Édison Carlos, presidente do Instituto Trata Brasil, fez palestra na Acij, na qual abordou a questão do saneamento básico
Em palestra na Acij, o presidente do Instituto Trata Brasil, Édison Carlos, fez um relato contundente da realidade do sistema de saneamento básico no País. Falou dos problemas e dos benefícios da expansão dos serviços de água e esgoto. Destaca que o nível de perdas de água dá a ideia da qualidade da sociedade. Elogiou o esforço feito pela cidade de Joinville em melhorar os índices e aplaudiu a continuidade do gestor à frente desse trabalho na Cia. Águas de Joinville. A seguir, os principais trechos de seus argumentos.
A cobertura de esgoto é muito baixa. Dá para explicar este descaso histórico?

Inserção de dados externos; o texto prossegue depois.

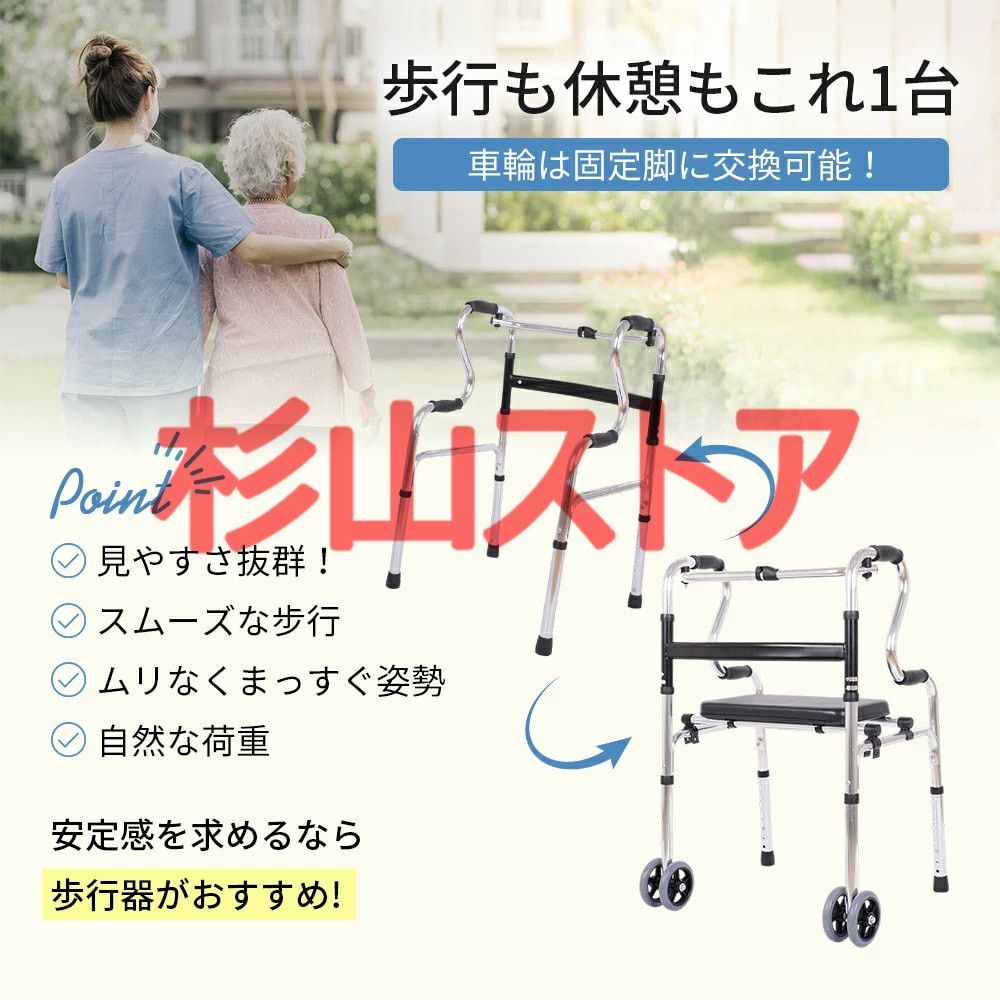 アルミ製調整可能歩行器 座面付き 283232.jpg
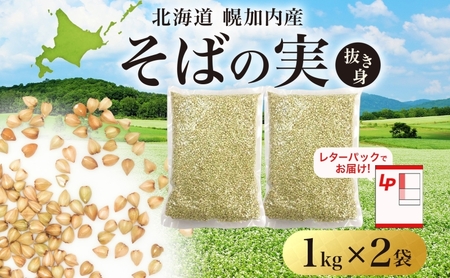 そばの実 北海道産 国産霧立そば製粉そばの実【1kg×2袋】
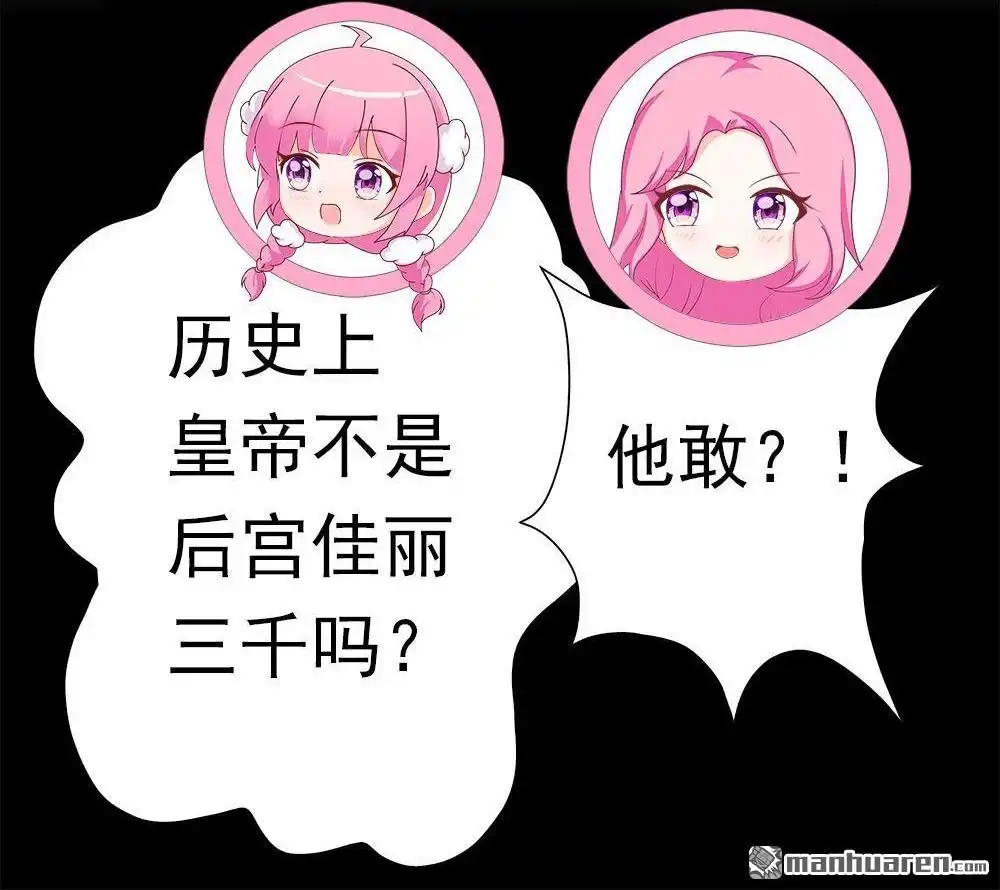 《元气异春秋》第41回 元气异春秋 第108页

Édison Carlos — A gente, no Brasil, corre atrás de fazer o que é mais básico. Cuidar do saneamento. Não é por acaso que se chama saneamento básico. Não se trata de saber quem não fez no passado, mas como fazer no presente. Há muito a se fazer. Importante perceber como isso afeta a sociedade, como repercute na vida de cada um. O progresso no Brasil é muito pequeno.
As carências são enormes.
Édison — Há 34 milhões de brasileiros sem acesso a água tratada. Metade da população não tem acesso a esgoto. Só 42% do esgoto instalado são tratados. Então, isso significa que 58% do esgoto ficam a céu aberto, são jogados em rios… O ABC Paulista trata apenas 25% do esgoto. Guarulhos, a segunda maior cidade do interior paulista, trata apenas 5%. Isso é descaso histórico.
Que efeitos isso provoca?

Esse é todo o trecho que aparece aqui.